Playboy centerfold appearance
- August 1964
- Preceded by: Melba Ogle
- Succeeded by: Astrid Schulz

Personal details
- Born: Margaret Lee September 2, 1942 (age 83) New Orleans, Louisiana, U.S.
- Height: 5 ft 4.5 in (164 cm)

= China Lee =

American model and actress (born 1942)

China Lee (pronounced Chee-na; born Margaret Lee; September 2, 1942) is an American model and actress. She was Playboy's Playmate of the Month for the August 1964 issue and the first Asian American Playmate.
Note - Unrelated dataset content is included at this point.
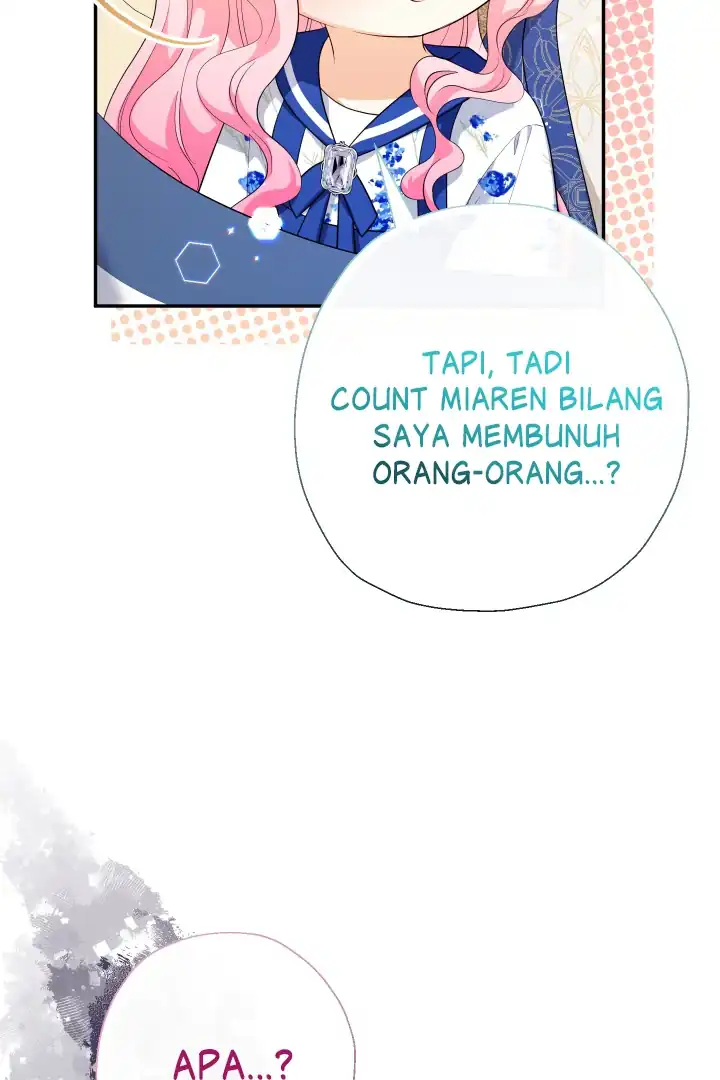 Baca Lord Baby Runs A Romance Fantasy With Cash Chapter 84 Bahasa Indonesia page 26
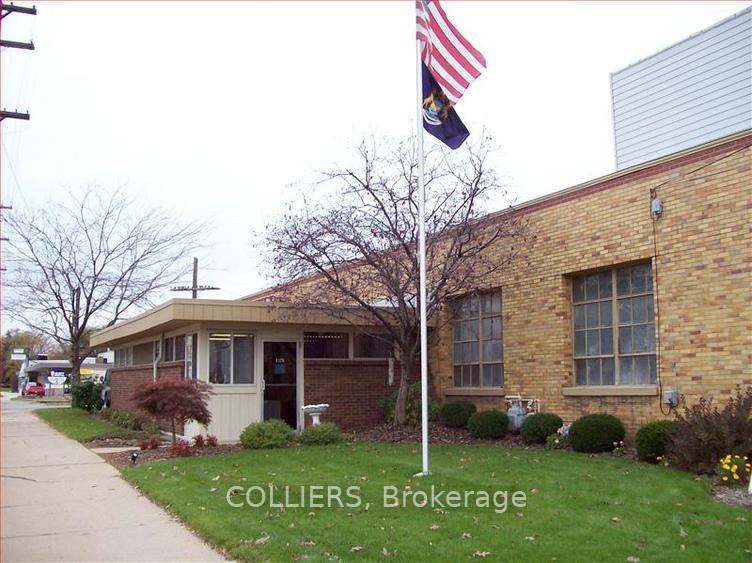 1175 Barton Street 2-3, Hamilton, ON L8E 5H1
Her centerfold was photographed by Pompeo Posar. According to her Playmate profile, her name is pronounced "chee-na" to rhyme with "Tina".

==Early life==
Lee was born in New Orleans, Louisiana, to Chinese parents who immigrated to the United States after marriage. The family-owned a laundry and, later, a much-lauded restaurant. She is the youngest of eight children and the younger sister of Harry Lee, who served as the sheriff of Jefferson Parish, Louisiana for about 28 years. The name "China" is derived from the nickname "Chinita" ("little Chinese girl") bestowed on her by Spanish-speaking neighbors who admired her dancing as a child.

==Career==
Lee worked as a hairstylist and waitress, then as a Playboy Bunny, before appearing in Playboy. She had been a "Training Bunny," which required her to travel to different Playboy Clubs to teach prospective Bunnies their duties.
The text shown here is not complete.